Work to be completed -
Repeat the lines below exactly as they appear, but leave out the images.

Stored data -

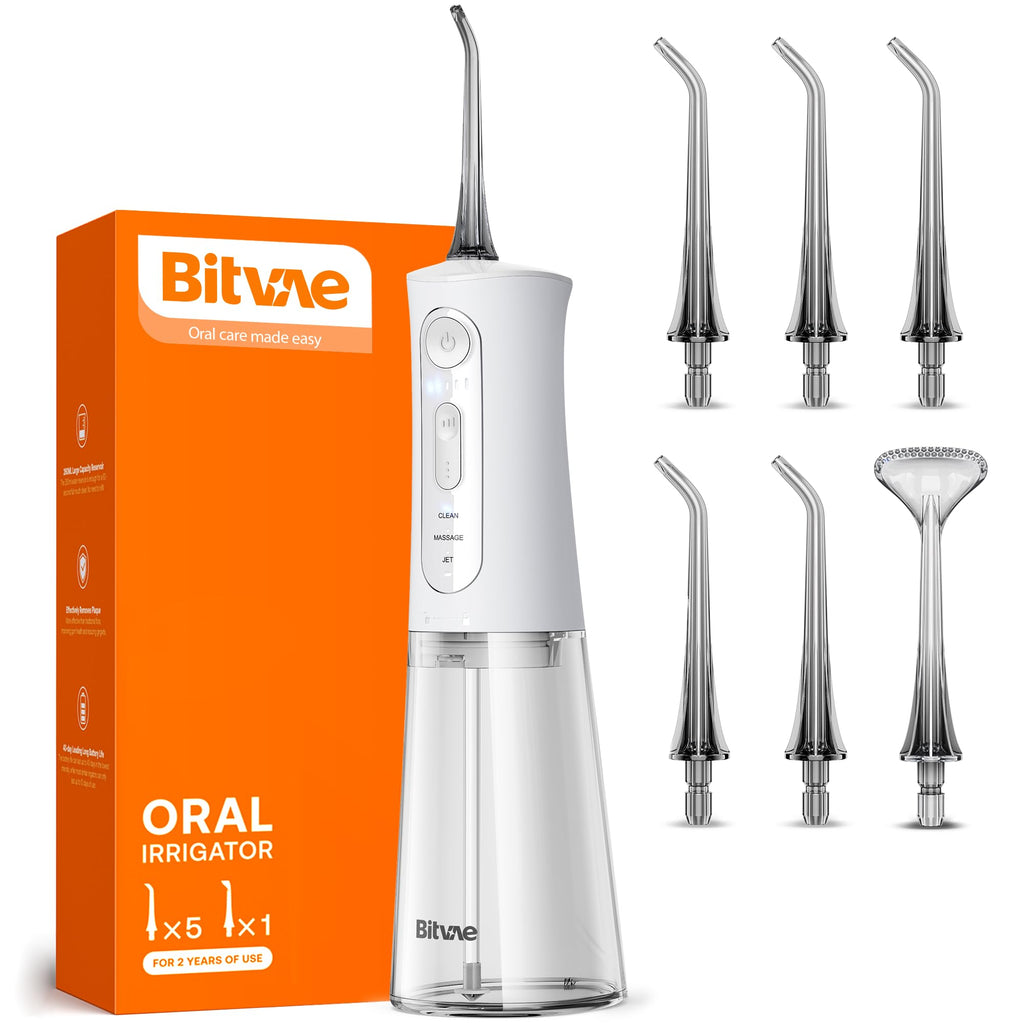 Bitvae Water Dental Flosser for Teeth, Cordless Water Teeth Cleaner Picks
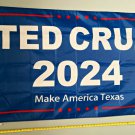 Ted Cruz Flag Make America Texas Blue 2024 USA Sign 3x5'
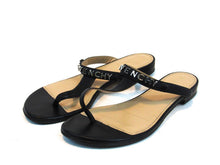 Givenchy Elba Slip-On T-Strap Flat Sandal (Women's) - Black - Sz 7.5 M; 38 EU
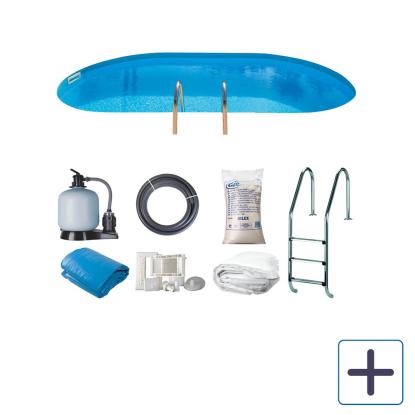 Gre by Swim & Fun oval nedgravningspool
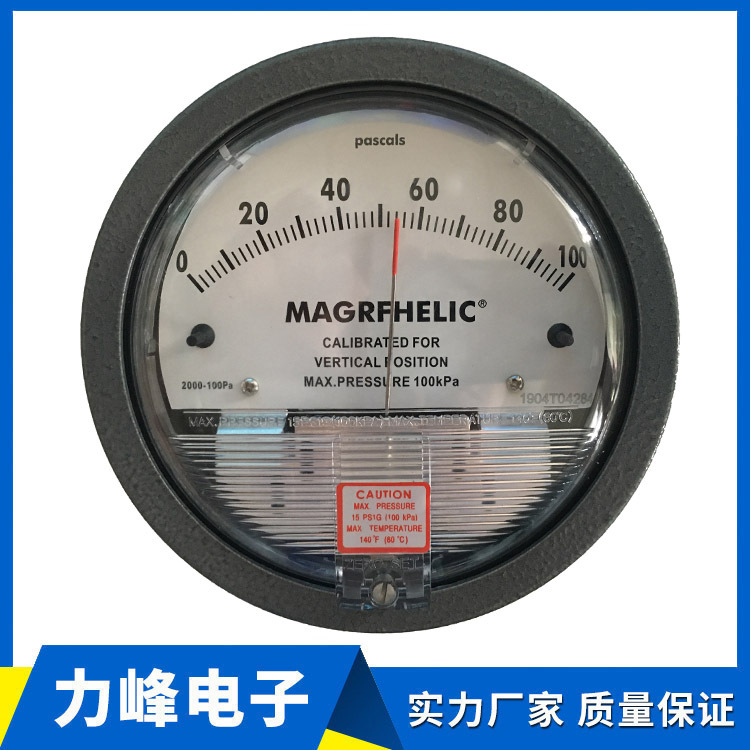 Grace MAGRFHELIC Wind drenching room Pressure table circular Instructions Pressure table 0-100PA Differential Pressure Gauge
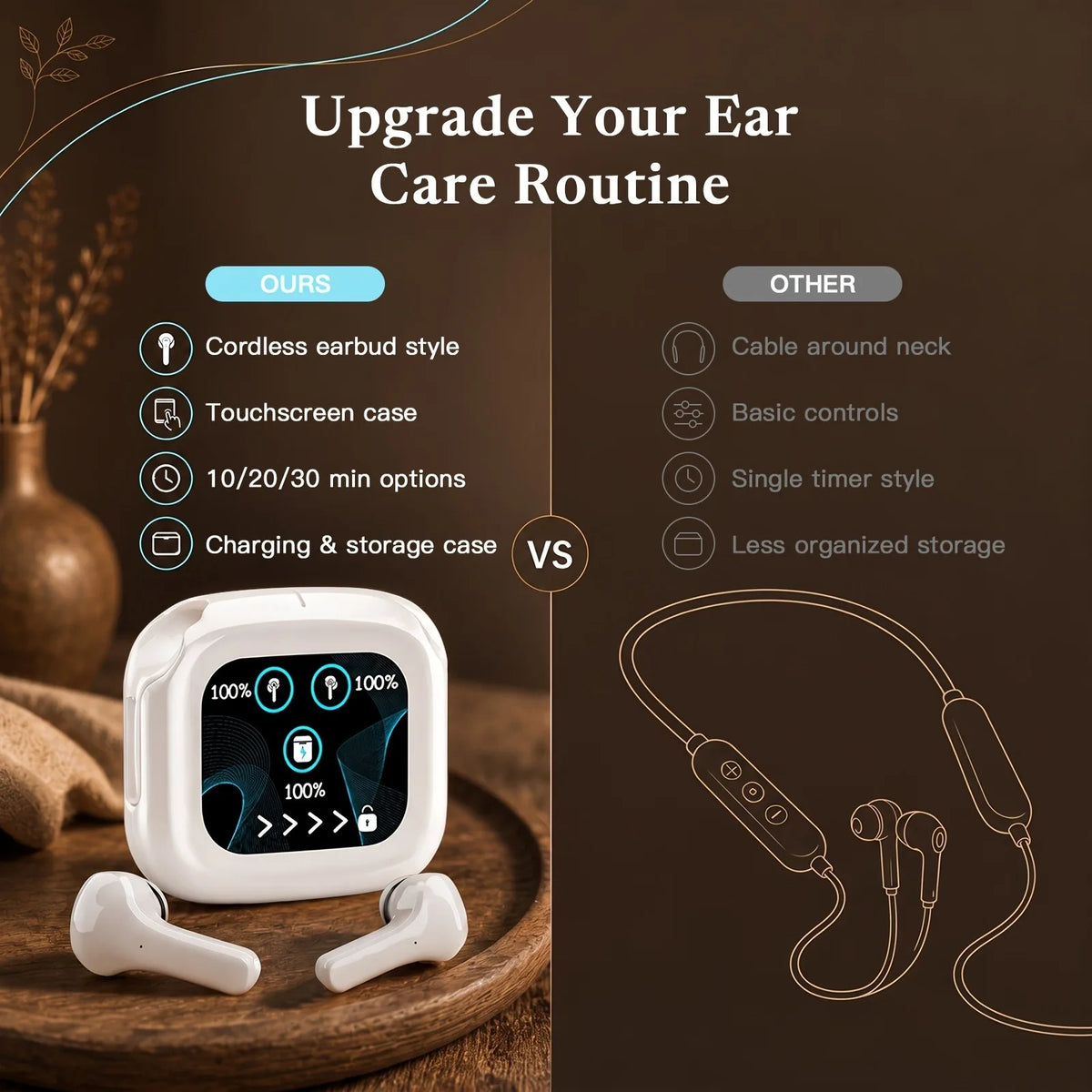 KTS Cordless Red Light Ear Care And Therapy Device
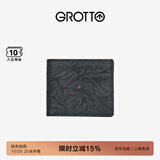 个乐经典羊皮短款钱包手工真皮多卡位卡夹卡包情侣礼物 经典黑（小男孩）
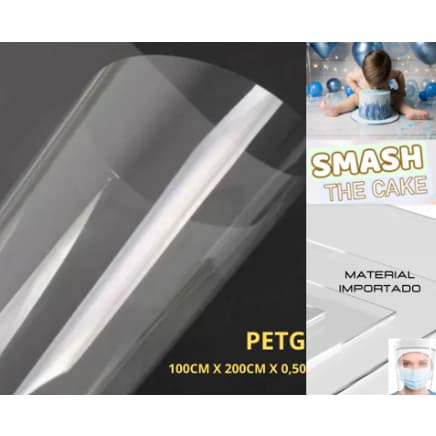 Placa De Acrílico PETG Para Ensaio Fotográfico 0,5mm x 1m x 2m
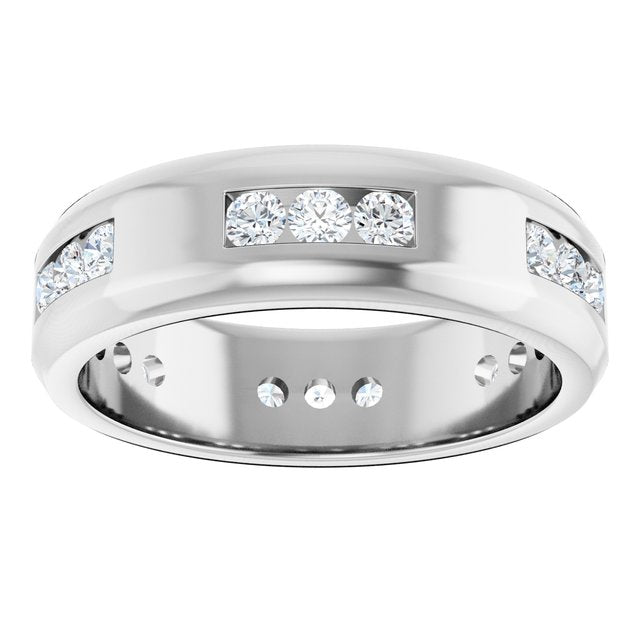1 CTW Natural Diamond Band, 6.5 mm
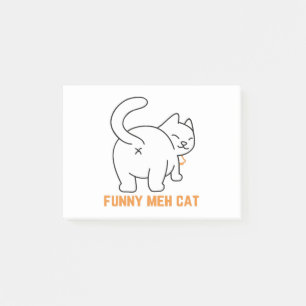 Notas Post-it® Funny Meh Cat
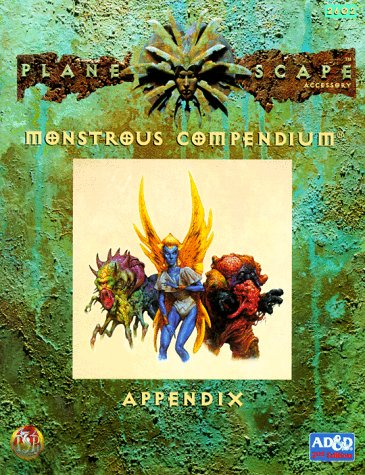 Book cover for Planescape: a Monstrous Compendium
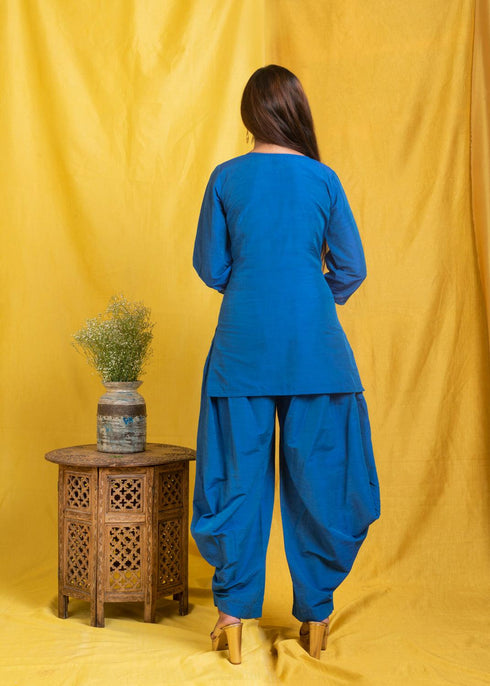 BLUE PUNJABI PANT/TOP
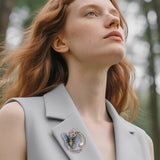 Midnight Bloom Butterfly Brooch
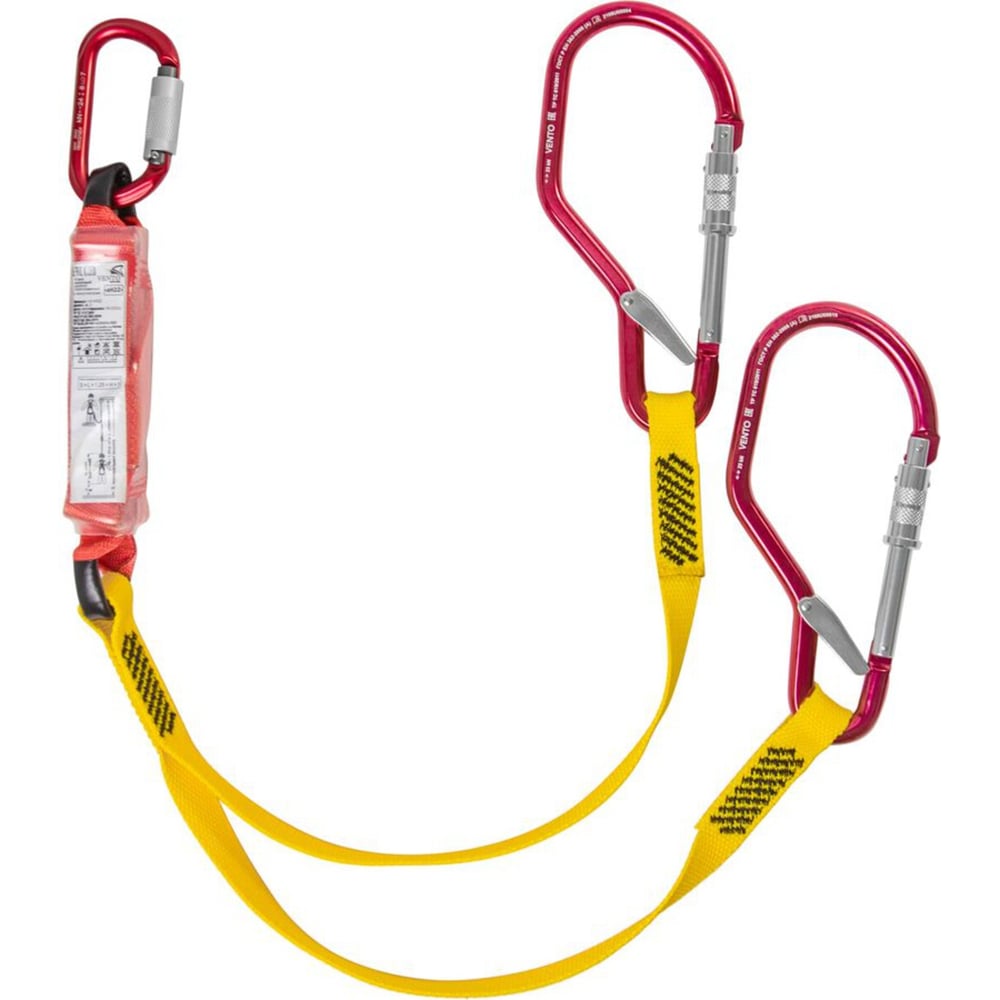 Изображение товара Строп ленточный VENTO двойной с амортизатором аН22 1.015 м желтый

Exercise result -
 Bitvae Water Dental Flosser for Teeth, Cordless Water Teeth Cleaner Picks
 Ted Cruz Flag Make America Texas Blue 2024 USA Sign 3x5'
 Givenchy Elba Slip-On T-Strap Flat Sandal (Women's) - Black - Sz 7.5 M; 38 EU
 Gre by Swim & Fun oval nedgravningspool
 Grace MAGRFHELIC Wind drenching room Pressure table circular Instructions Pressure table 0-100PA Differential Pressure Gauge
 KTS Cordless Red Light Ear Care And Therapy Device
 个乐经典羊皮短款钱包手工真皮多卡位卡夹卡包情侣礼物 经典黑（小男孩）
 Placa De Acrílico PETG Para Ensaio Fotográfico 0,5mm x 1m x 2m
1 CTW Natural Diamond Band, 6.5 mm
 Notas Post-it® Funny Meh Cat
 Book cover for Planescape: a Monstrous Compendium
 BLUE PUNJABI PANT/TOP
 Midnight Bloom Butterfly Brooch
 Изображение товара Строп ленточный VENTO двойной с амортизатором аН22 1.015 м желтый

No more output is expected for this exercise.